For Ramas, the study revealed several important findings for FPs to contemplate.
"As family physicians, we should be mindful of our specific populations that we service, and consider vaccination especially for those who may not have reliable screening history, have higher risk behavior patterns or for groups or populations that may have historically delayed cervical cancer detection rates," she said.

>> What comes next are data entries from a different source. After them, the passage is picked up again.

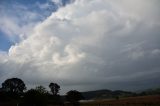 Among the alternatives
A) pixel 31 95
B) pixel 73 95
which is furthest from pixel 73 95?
pixel 31 95

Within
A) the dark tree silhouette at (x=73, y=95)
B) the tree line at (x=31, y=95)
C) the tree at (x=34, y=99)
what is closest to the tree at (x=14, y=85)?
the tree line at (x=31, y=95)

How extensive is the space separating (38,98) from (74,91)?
1478 inches

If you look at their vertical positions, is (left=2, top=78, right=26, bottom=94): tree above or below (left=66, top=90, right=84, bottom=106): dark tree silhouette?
above

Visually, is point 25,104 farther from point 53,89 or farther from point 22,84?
point 53,89

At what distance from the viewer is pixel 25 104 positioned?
193 ft

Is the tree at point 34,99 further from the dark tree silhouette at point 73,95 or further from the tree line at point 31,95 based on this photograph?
the dark tree silhouette at point 73,95

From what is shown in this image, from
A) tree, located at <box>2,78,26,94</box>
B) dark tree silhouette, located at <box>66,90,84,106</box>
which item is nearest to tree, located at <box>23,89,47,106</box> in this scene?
dark tree silhouette, located at <box>66,90,84,106</box>

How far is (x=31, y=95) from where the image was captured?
57.6 metres

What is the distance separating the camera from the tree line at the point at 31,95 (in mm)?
57406

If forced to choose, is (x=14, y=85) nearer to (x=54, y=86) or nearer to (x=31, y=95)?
(x=54, y=86)

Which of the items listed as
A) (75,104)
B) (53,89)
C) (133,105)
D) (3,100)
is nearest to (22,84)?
(53,89)

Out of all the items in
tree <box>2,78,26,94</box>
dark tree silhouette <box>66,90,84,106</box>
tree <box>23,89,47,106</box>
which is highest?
tree <box>2,78,26,94</box>

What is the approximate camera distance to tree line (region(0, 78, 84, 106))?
57406mm

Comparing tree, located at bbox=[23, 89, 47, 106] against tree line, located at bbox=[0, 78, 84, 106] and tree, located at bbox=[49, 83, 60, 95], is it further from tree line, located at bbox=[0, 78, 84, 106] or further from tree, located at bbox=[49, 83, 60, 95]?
tree, located at bbox=[49, 83, 60, 95] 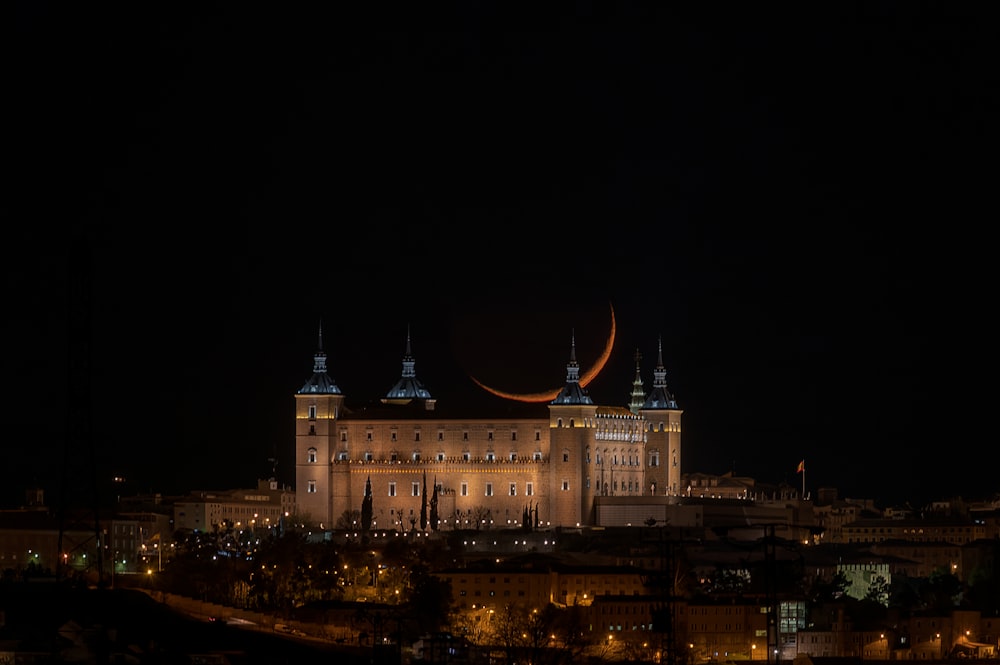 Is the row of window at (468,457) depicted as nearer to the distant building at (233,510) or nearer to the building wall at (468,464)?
the building wall at (468,464)

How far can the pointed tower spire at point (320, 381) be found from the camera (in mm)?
116312

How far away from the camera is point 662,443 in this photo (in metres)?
117

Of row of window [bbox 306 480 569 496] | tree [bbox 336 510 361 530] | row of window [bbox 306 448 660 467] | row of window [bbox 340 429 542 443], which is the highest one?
row of window [bbox 340 429 542 443]

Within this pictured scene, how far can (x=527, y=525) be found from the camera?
109 meters

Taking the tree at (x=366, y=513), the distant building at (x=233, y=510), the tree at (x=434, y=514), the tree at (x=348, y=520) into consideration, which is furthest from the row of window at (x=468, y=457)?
the distant building at (x=233, y=510)

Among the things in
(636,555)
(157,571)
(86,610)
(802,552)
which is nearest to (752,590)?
(636,555)

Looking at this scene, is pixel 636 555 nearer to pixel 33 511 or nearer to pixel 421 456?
pixel 421 456

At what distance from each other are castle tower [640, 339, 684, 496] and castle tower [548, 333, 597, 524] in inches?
210

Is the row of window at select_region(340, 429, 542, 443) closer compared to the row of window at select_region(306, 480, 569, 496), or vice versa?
the row of window at select_region(306, 480, 569, 496)

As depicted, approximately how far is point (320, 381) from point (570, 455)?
38.1 ft

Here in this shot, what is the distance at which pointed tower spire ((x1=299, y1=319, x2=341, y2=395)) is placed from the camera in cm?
11631

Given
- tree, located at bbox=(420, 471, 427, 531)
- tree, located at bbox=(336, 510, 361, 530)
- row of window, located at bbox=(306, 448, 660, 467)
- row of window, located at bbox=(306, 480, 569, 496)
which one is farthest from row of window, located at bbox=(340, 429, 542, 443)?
tree, located at bbox=(336, 510, 361, 530)

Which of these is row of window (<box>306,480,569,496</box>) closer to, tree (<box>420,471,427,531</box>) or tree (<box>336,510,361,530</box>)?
tree (<box>420,471,427,531</box>)

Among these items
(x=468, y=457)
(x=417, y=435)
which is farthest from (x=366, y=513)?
(x=468, y=457) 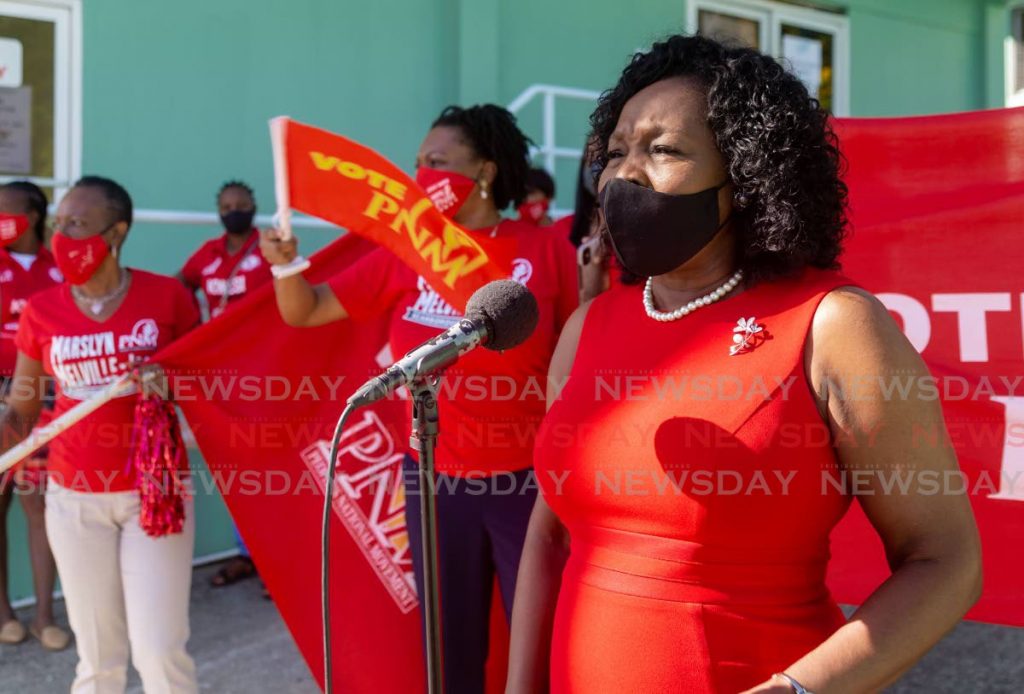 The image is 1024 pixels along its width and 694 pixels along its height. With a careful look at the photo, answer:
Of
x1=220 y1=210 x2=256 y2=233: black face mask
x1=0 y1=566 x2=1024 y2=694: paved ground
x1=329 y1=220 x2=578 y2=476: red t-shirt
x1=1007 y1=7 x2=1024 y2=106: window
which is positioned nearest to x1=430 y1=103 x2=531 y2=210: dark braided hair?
x1=329 y1=220 x2=578 y2=476: red t-shirt

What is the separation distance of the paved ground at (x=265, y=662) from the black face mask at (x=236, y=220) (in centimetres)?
218

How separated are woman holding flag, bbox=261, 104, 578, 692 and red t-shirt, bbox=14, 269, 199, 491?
0.67 meters

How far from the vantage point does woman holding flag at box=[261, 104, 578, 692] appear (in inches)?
110

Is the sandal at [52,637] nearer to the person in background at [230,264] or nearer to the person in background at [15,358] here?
the person in background at [15,358]

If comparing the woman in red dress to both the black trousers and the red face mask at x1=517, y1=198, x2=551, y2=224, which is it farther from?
the red face mask at x1=517, y1=198, x2=551, y2=224

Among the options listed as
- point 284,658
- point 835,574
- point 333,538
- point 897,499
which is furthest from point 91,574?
point 897,499

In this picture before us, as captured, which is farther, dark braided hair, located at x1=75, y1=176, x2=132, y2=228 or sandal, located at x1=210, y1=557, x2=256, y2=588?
sandal, located at x1=210, y1=557, x2=256, y2=588

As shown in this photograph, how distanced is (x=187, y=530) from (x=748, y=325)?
244 cm

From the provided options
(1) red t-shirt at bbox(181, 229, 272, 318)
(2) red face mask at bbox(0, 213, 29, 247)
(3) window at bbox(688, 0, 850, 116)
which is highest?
(3) window at bbox(688, 0, 850, 116)

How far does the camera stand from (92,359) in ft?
10.8

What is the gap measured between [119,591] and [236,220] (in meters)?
2.74

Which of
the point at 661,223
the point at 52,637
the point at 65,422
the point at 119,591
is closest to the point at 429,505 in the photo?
the point at 661,223

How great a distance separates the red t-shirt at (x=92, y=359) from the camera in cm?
324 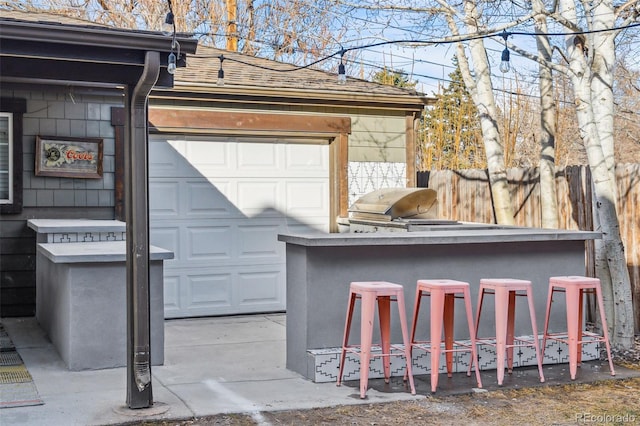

"Depending on the practice type, one's patient mix may benefit from the extended age range for administration of the HPV vaccine," Ramas added. "One should discuss the risks and benefits of HPV vaccine administration with their patients and evaluate their risk potential for acquiring cervical cancer. Some considerations would include (the) likelihood of getting routine Pap smears or high-risk sexual behavior in patients with multiple encounters of unprotected sex."
Some patients, Ramas said, may hesitate to get the vaccine for reasons not directly related to personal health.
"As many of my patients are of different cultures, it is important for me to consider their level of comfort or trust in the medical system to provide care that is not detrimental to them. Specifically, when it comes to vaccinations, many patients still have relatives who come from an era of the Tuskegee trials. Other patients discuss how the Pap smear was discovered by the use of cells from an African American woman without consent,(www.britannica.com) and we need to discuss the hard decision to trust from this historical standpoint," said Ramas.
"I see my role in patient care as that of a consultant to wellness and healthy living. While I do not try to persuade my adult patients into getting their HPV vaccine, I do take the time to discuss the pathophysiology of developing cervical cancer and the importance in monitoring and prevention. Thus, it is vital to our practice to approach conversations with an open mind and understanding where the patient comes from," she concluded.